Friday, November 14, 2008

Until now, playdates for Will have been mostly joint affairs – get-togethers for moms and kids all at once. I realized yesterday, when we had Will’s friend Creight come over by himself, how much I can accomplish around the house during a kids-only playdate and how much more I notice about the kids’ play when I’m not flapping my own mouth with another mom or two.

The highlight from yesterday afternoon was when I eavesdropped from the kitchen on this conversation that the boys were having in the next room. For over an hour, Will, wearing his spiderman costume, and Creight, dressed up as Batman, had been concocting various superhero adventures around the house. Their teacher had talked with them earlier in the day about how the Pilgrims came over on the Mayflower from England after deciding they didn’t want to live under their king anymore, all of which managed to inspire this dialogue (which I quickly started transcribing):

Batman: I’m glad we’re here to protect each other.

Spiderman: Me too. And when we kill bad guys we protect the whole world too. So there’s no more bad guys except in England. Because the people want to do what they want to do, so that’s why they sailed to America, so they don’t have to live under the king.

Batman: I think we should go to England and kill the king with our guns.

Spiderman: Ok, let’s go!

And the boys gathered some plastic pegs, which they were using as guns, and ran into the next room.

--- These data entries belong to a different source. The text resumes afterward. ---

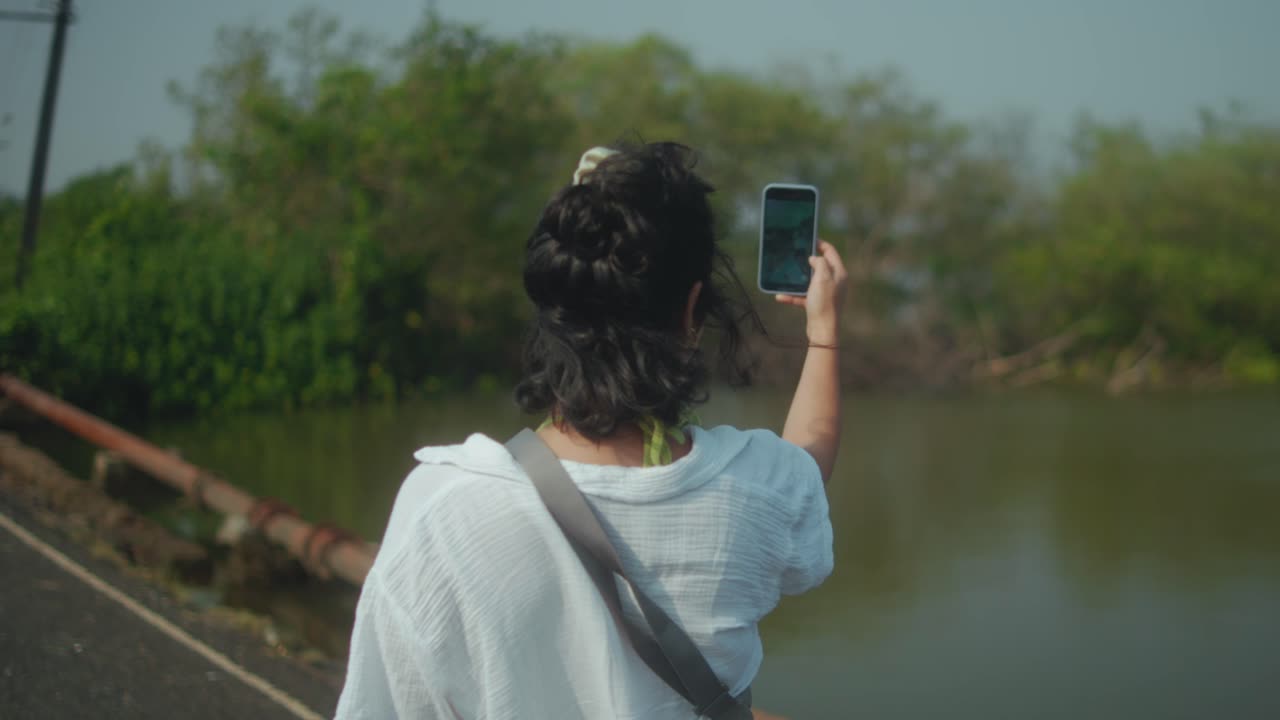 Uma jovem de camisa branca caminha por uma ponte panorâmica, usando o celular para registrar a exuberante paisagem do rio. Um momento de viagem autêntica e exploração moderna.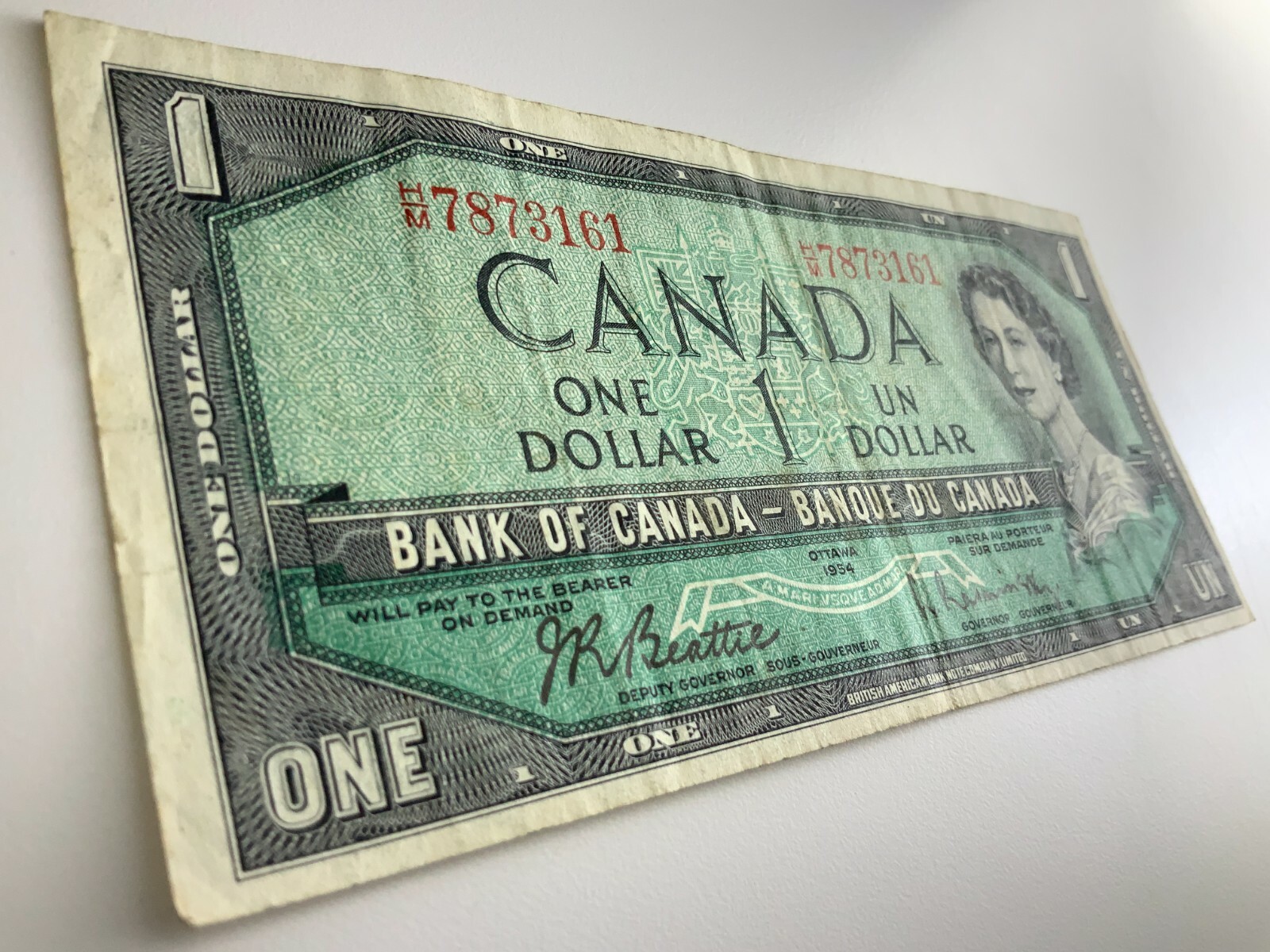 1954 Canada 1 One Dollar Circulated Banknote HM Prefix Beattie Rasminsky Y672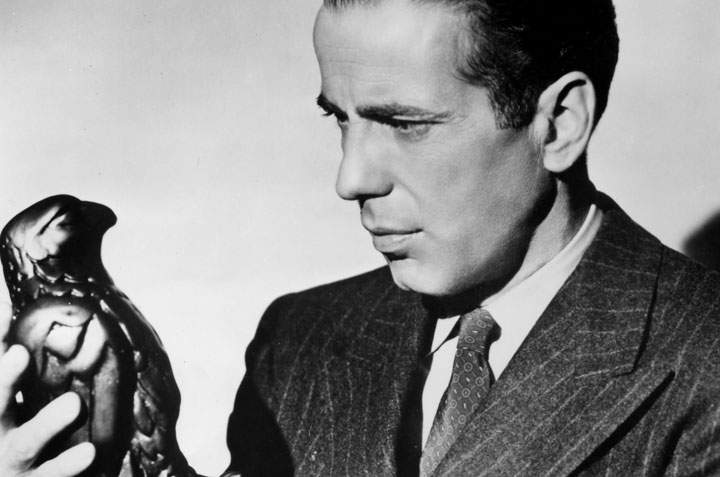 Humphrey Bogart with the statue from 'The Maltese Falcon.'.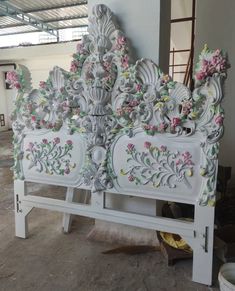 an ornate white bench with pink flowers on it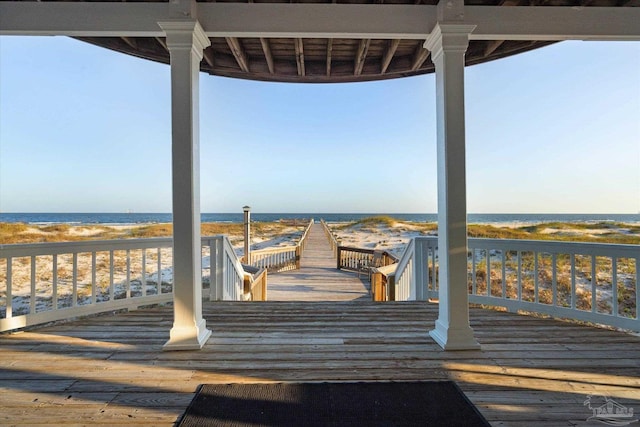 1220 State Highway 180, Gulf Shores, AL 36542 - wooden deck featuring view of water and beach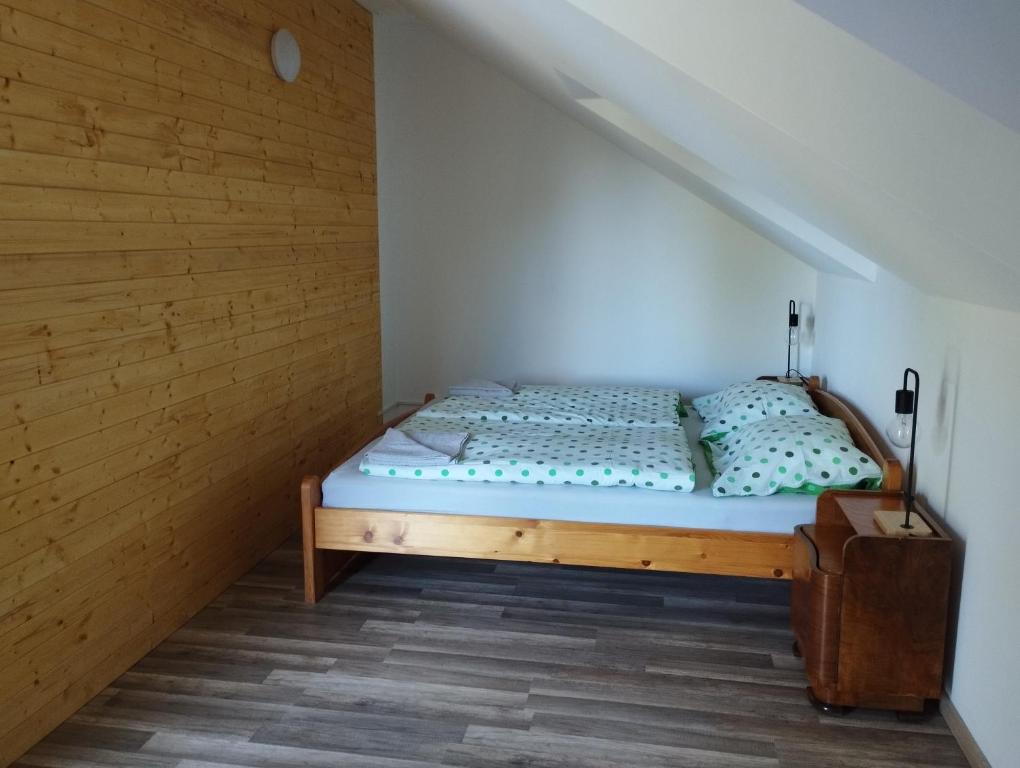 Postel nebo postele na pokoji v ubytování Apartmány Svatá
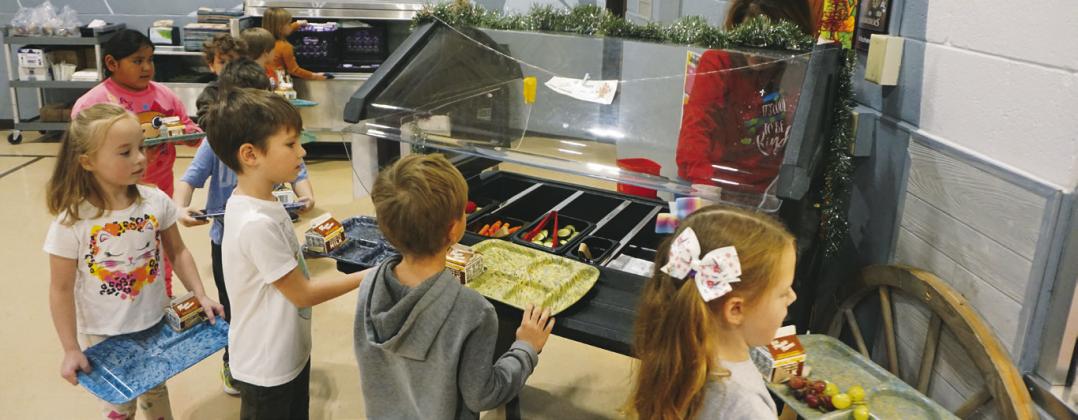 Kindergarten students at Roosevelt Elementary School in Bismarck line up for lunch on Dec. 9, 2022. Photo Michael Standaert.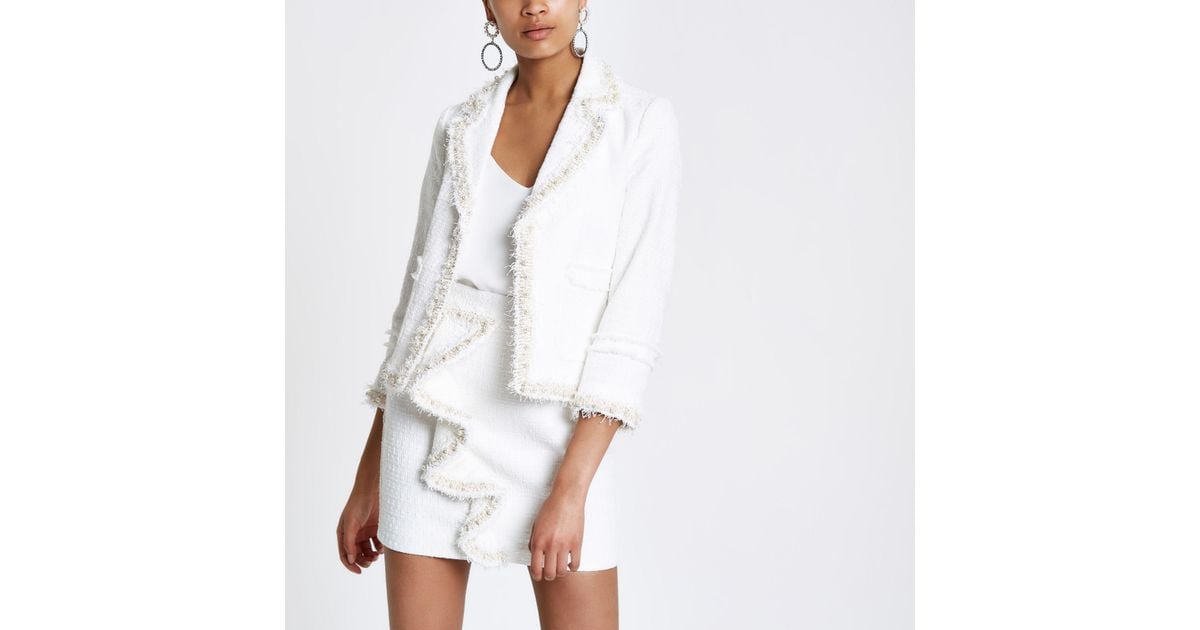white boucle jacket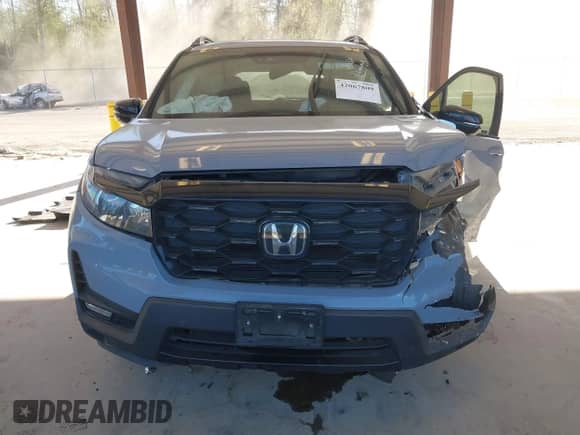 2022 Honda Passport Elite with VIN 5FNYF8H08NB019585, listed as a IAAI auction lot 42067809 with Not provided miles and . Bid and sale history available at DreamBid. Image 11.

For me, fresh off reading Vivian Paley’s “A Child’s Work: The Importance of Fantasy Play” (which I recommend to early childhood teachers and parents alike), it was a fun scene to overhear.


Allison Kennedy said...

How cute! But I'm glad no one got killed. :)

Annie Addington said...

Yeah, once upon a time all this gun talk might have seemed a bit disturbing to me. But I've long ago decided that boys have an innate need to work out their gun/violence issues through play while they're young (I don't provide toy guns, so Will has to resort to tinker toys, plastic pegs, sticks and the like). But I've decided there's no point in trying to censor his play -- the more I told him not to talk about guns the more he'd love to do it anyway.